**EXERCISE GOAL**
Pictures stay out of the copy. Retype exactly the lines below from the one with "Hotel Donatello Modène" through the one with "Cách làm thạch".

**RECORDS TO USE**
=== Begin Enclosure ===

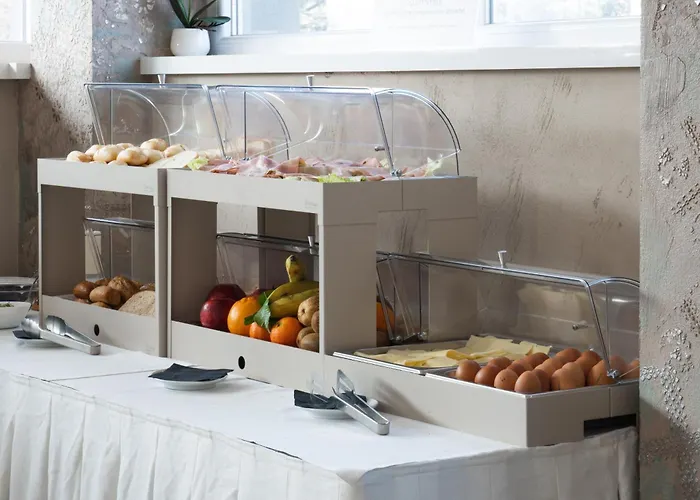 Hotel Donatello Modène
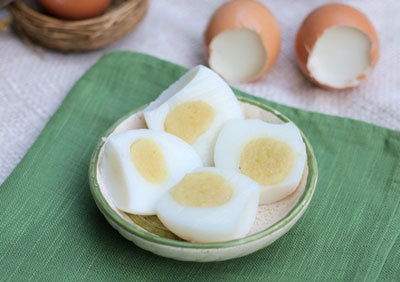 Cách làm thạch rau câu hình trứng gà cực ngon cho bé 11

=== End Enclosure ===
=== Begin Enclosure ===

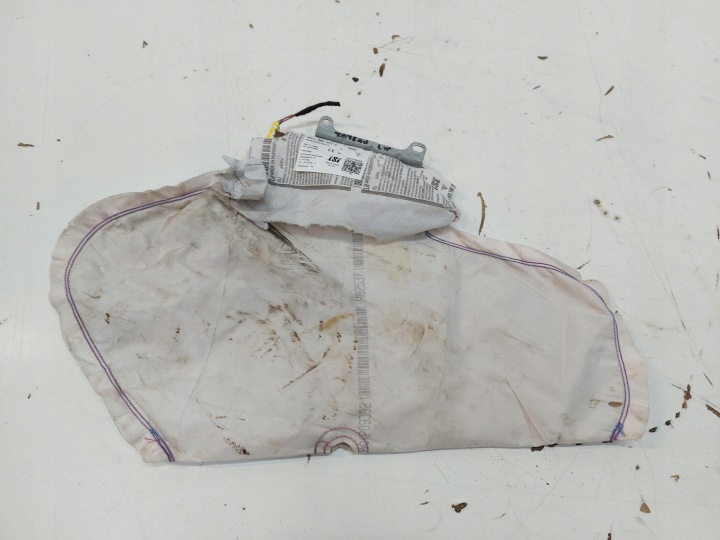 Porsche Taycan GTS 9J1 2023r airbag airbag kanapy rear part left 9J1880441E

=== End Enclosure ===
=== Begin Enclosure ===

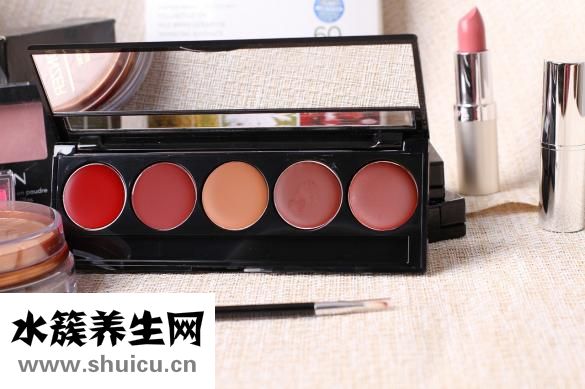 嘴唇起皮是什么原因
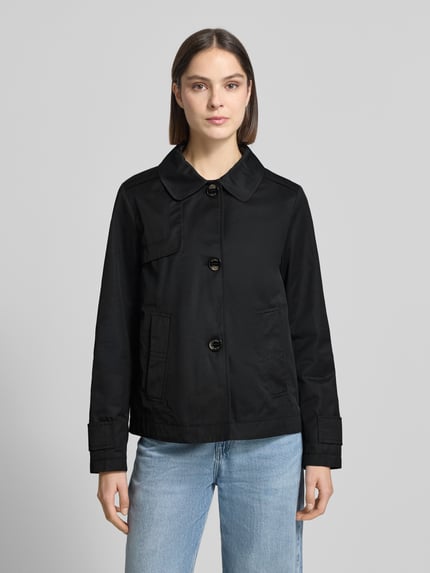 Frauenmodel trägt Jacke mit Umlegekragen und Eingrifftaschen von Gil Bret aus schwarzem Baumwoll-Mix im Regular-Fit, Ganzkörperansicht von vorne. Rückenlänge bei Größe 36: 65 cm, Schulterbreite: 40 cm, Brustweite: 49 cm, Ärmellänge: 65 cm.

=== End Enclosure ===

**EXERCISE RESPONSE**
 Hotel Donatello Modène
 Cách làm thạch rau câu hình trứng gà cực ngon cho bé 11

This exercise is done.